_Excerpted data_
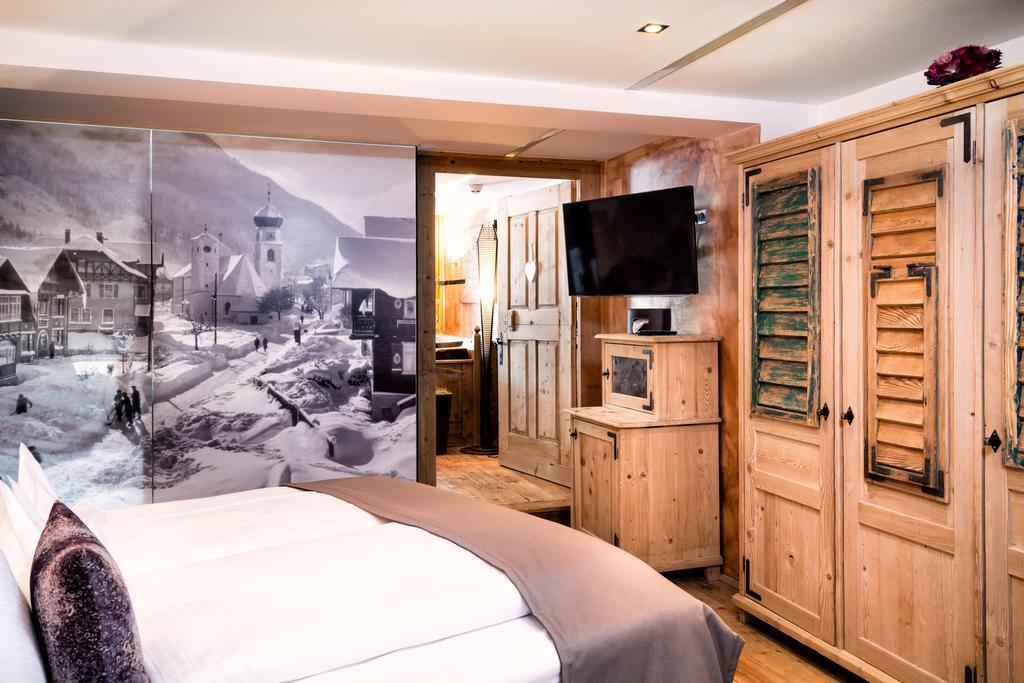 Raffl'S St. Antoner Hof Hotel Sankt Anton am Arlberg Buitenkant foto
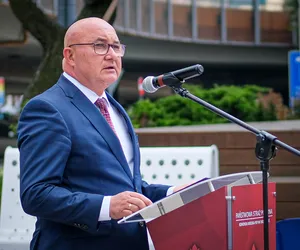 Ile przez rok zarobił prezydent Chorzowa?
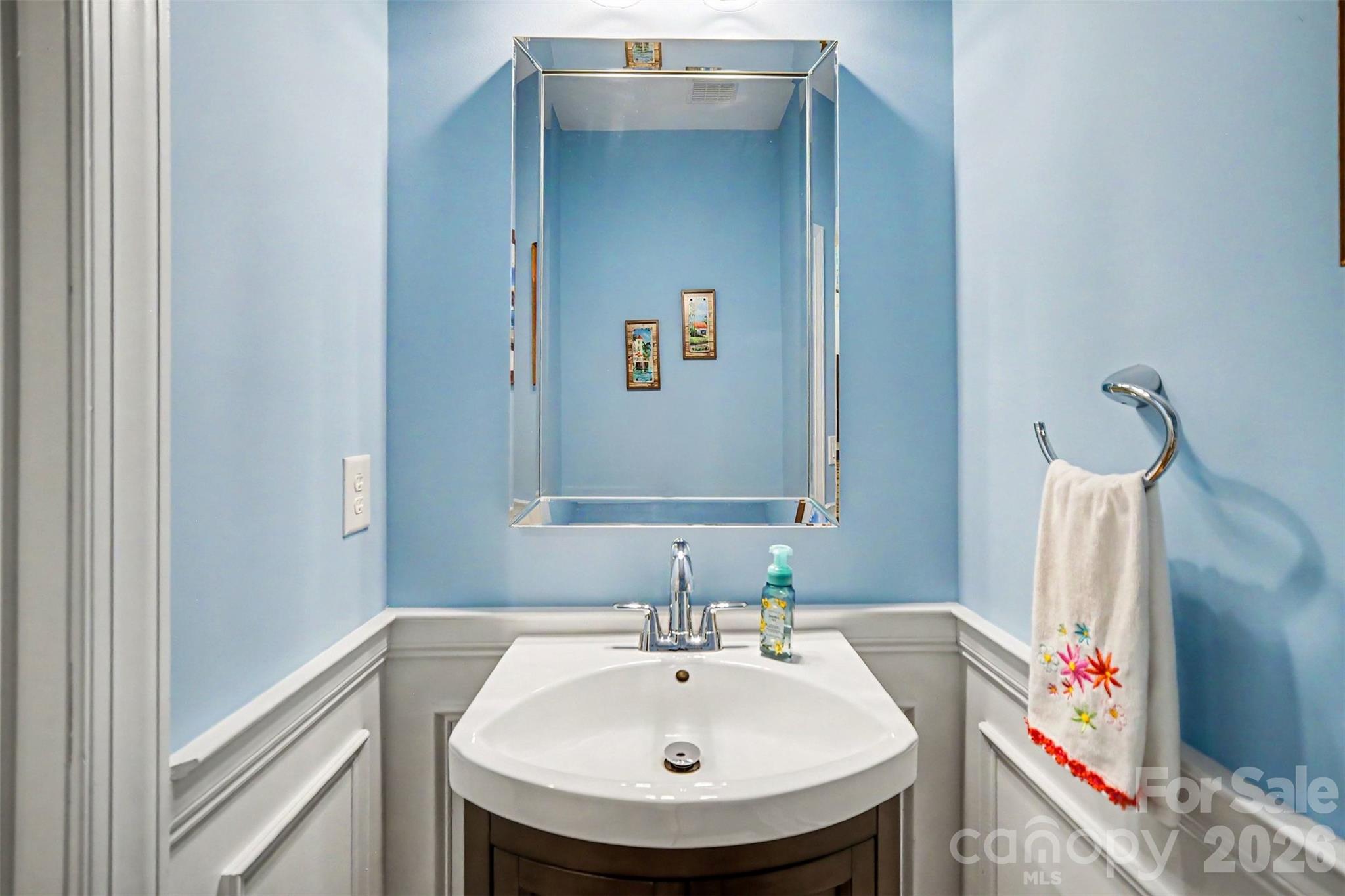 7142 Three Wood Drive Matthews NC 28104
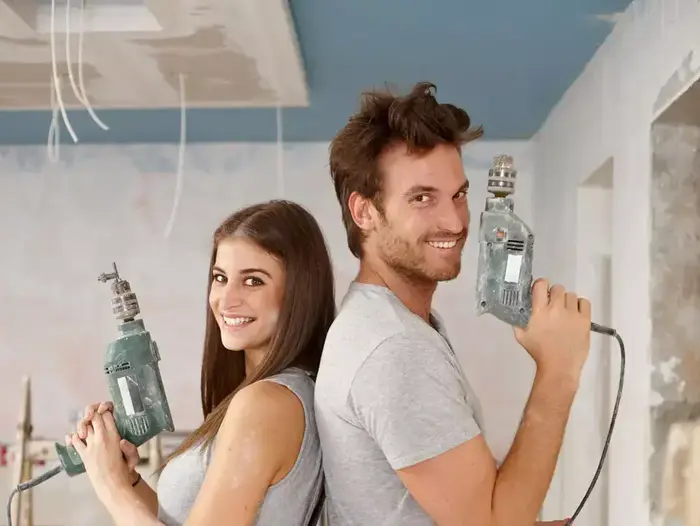 זוג משפץ את הבית (ShutterStock) זוג משפץ את הבית (ShutterStock)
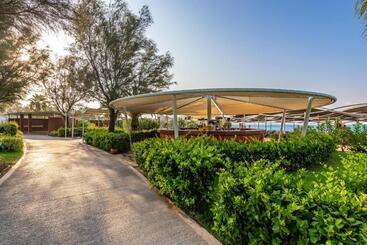 هتل Cornelia Diamond Golf Resort & Spa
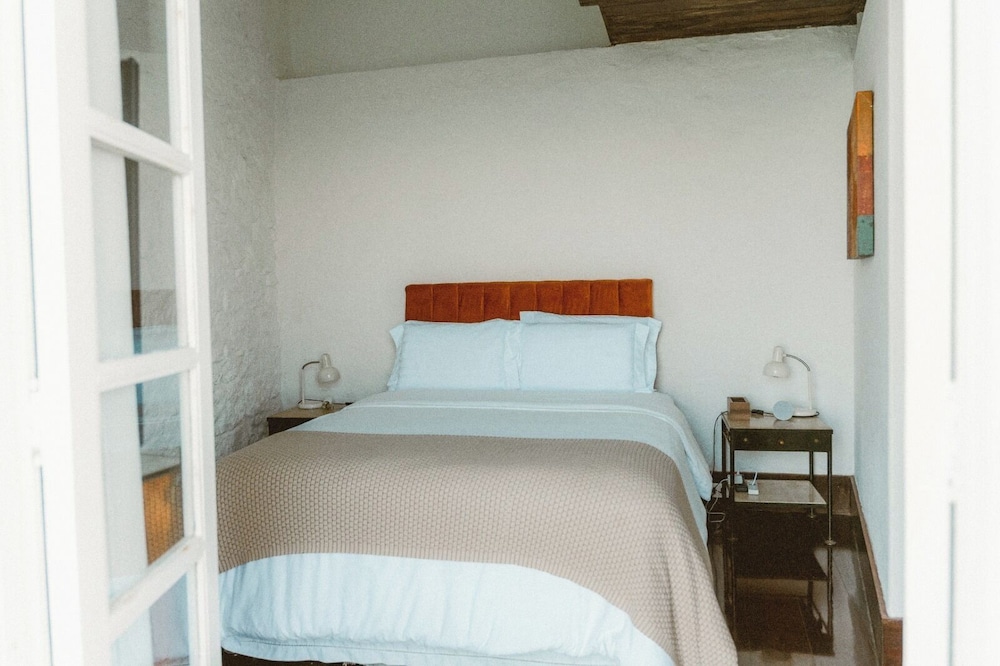 Cliffside Guest House Experience 20/67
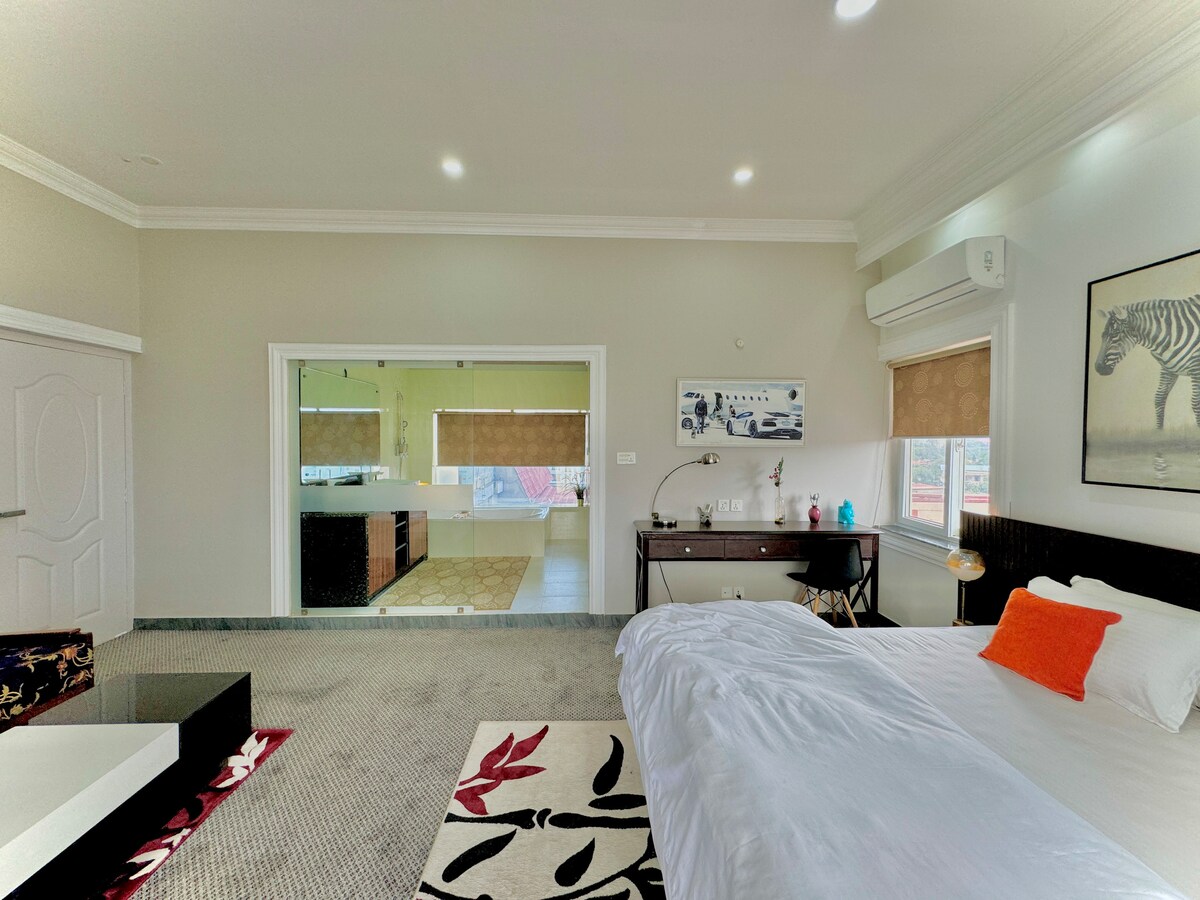 Elite Penthouse Sky-high Luxury. — photo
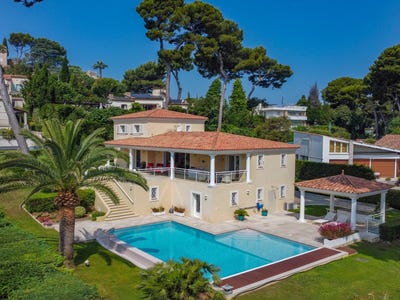 /international/fr/cap-d-antibes-hh-15834781-antibes-provence-alpes-cote-d-azur-310100959765/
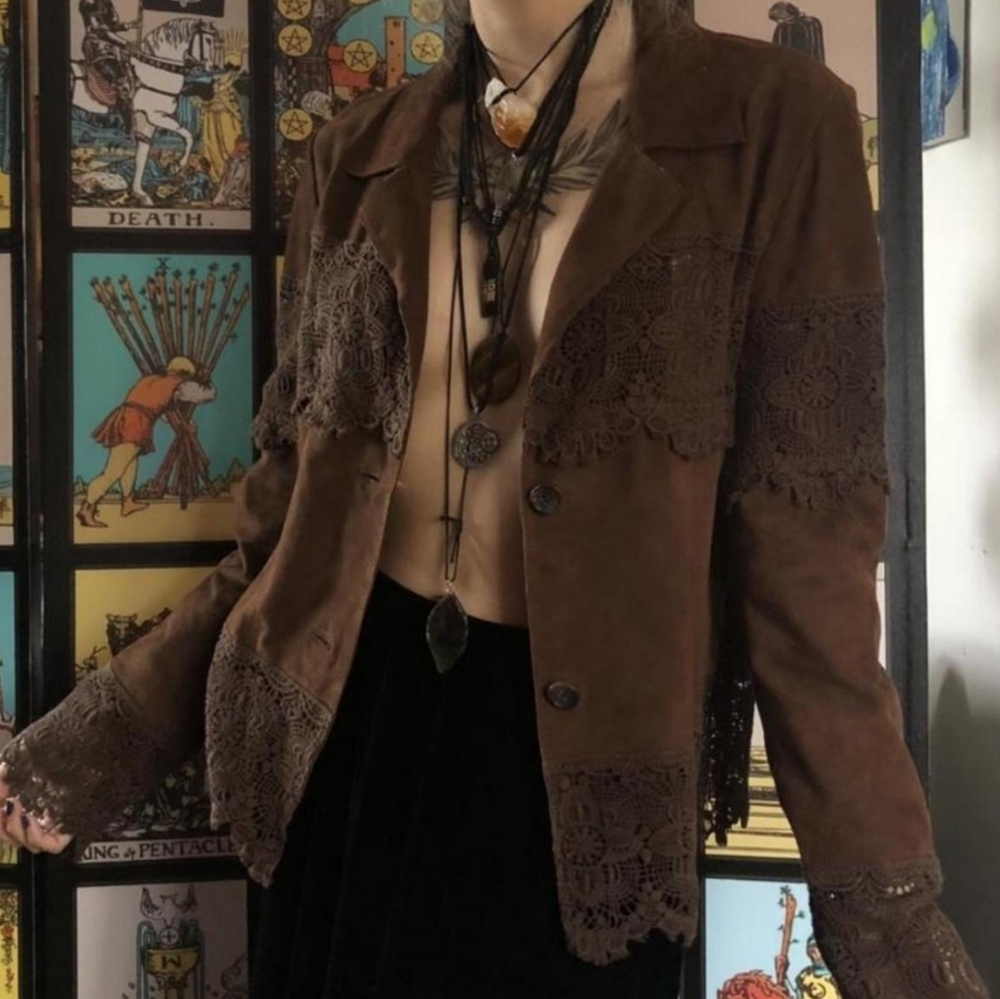 Insane deadstock brown suede blazer with crochet details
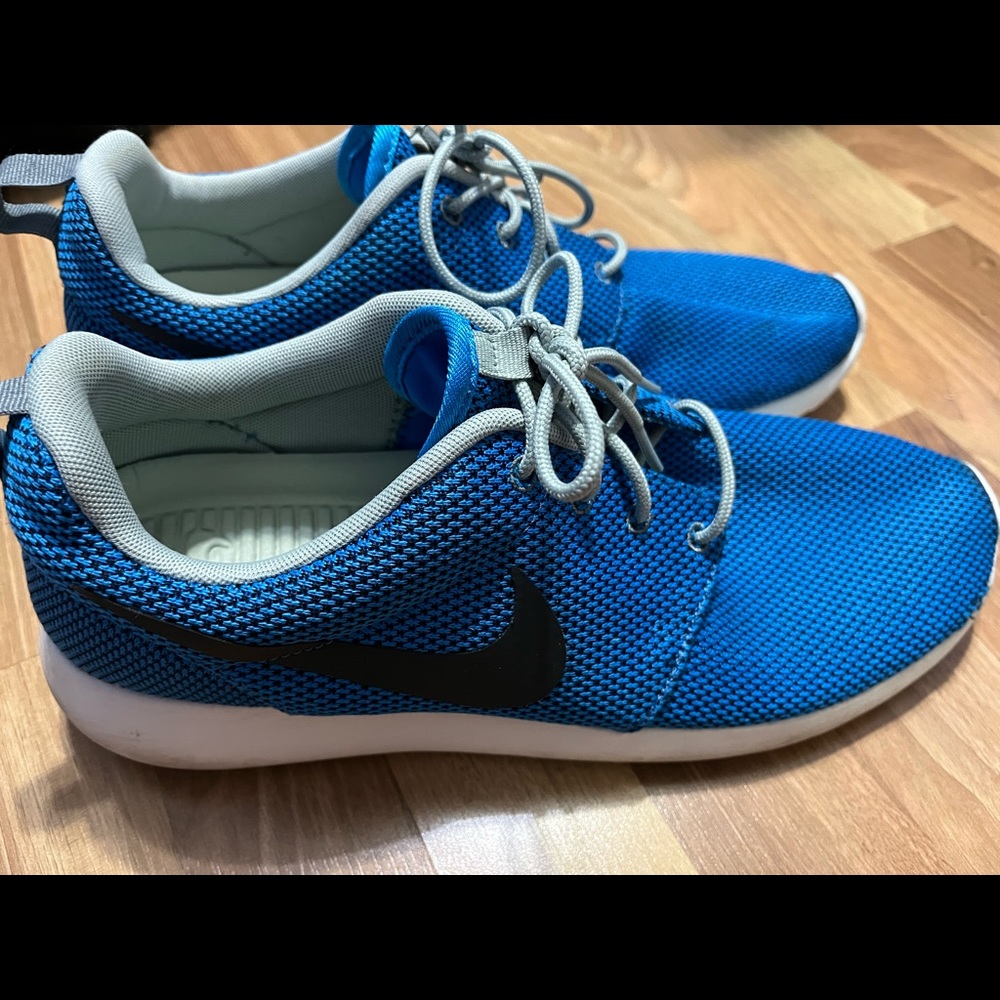 Nike Roshe Run Shoes Size 10.5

_Exercise_
Only the lines from the one containing "Elite Penthouse Sky-high Luxury. — photo" through the final line of the data should be given again, exactly and without pictures.

_Written response_
 Elite Penthouse Sky-high Luxury. — photo
 /international/fr/cap-d-antibes-hh-15834781-antibes-provence-alpes-cote-d-azur-310100959765/
 Insane deadstock brown suede blazer with crochet details
 Nike Roshe Run Shoes Size 10.5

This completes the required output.